Fire safety used to be the grey zone of Greek STR regulation. Before Νόμος 5170/2025 there was no clear fire-protection obligation for private dwellings rented short-term. The new law aligned STR requirements with those of small hotels and guesthouses, and joint inspections by ΑΑΔΕ (the Greek tax authority) and the Fire Brigade (Πυροσβεστικό Σώμα) began in December 2025. For a remote owner in London or New York, the challenge is not the cost — the full equipment package for a typical apartment is under 400 EUR — but proving compliance when an unannounced inspection happens while you are 2,000 km away.

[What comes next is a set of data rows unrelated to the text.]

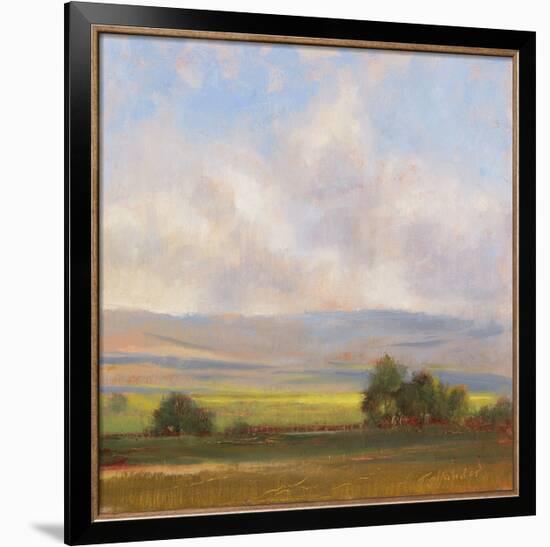 Russell Creek View I-Todd Telander-Framed Giclee Print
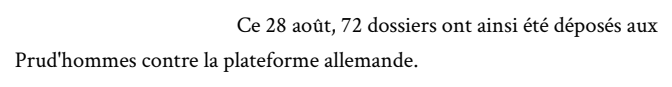 Extrait de Marianne : Foodora s’est-il rempli les poches sur le dos des Restos du cœur ?.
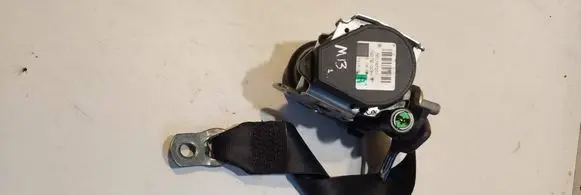 Mercedes-Benz E W211 Rear seatbelt 561187201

The 2026 Equipment Checklist at a Glance
| Item | Requirement | Approximate cost (EUR) | Renewal |
|---|---|---|---|
| Fire extinguisher 6kg ABC (21A-113B-C) | 1 per 100 m2, minimum 1 per floor | 14-25 per unit | Annual service tag, 8-12 EUR |
| RCD circuit breaker 30mA | Mandatory on all circuits | 80-230 installed (if missing) | Checked at each ΥΔΕ renewal |
| ΥΔΕ electrical certificate | Issued by licensed electrician, valid 5 years | 80-200 for a 50-100 m2 apartment | Every 5 years |
| Smoke detectors (photoelectric, CE marked) | 1 per bedroom + 1 in the kitchen | 12-25 per unit | Annual 9V battery change |
| CO detector | Where gas appliances or boilers are present | 20-35 | Battery/sensor per manufacturer, typically 5-7 years |
| Extinguisher signage (red ΠΥΡΟΣΒΕΣΤΗΡΑΣ plate) | Above each extinguisher | 5 per plate | None |
| Escape route note in welcome book | Checked at joint inspections | 0 (template) | Annual review |
Total for a typical 60 m2 one-floor apartment: one extinguisher with service tag and signage (around 33 EUR), three smoke detectors (around 54 EUR), a ΥΔΕ certificate (around 100 EUR) and, if your fuse board predates 2010, an RCD retrofit (around 150 EUR). Call it 350 EUR one-off against a 5,000 EUR first-offence fine. The economics are not subtle.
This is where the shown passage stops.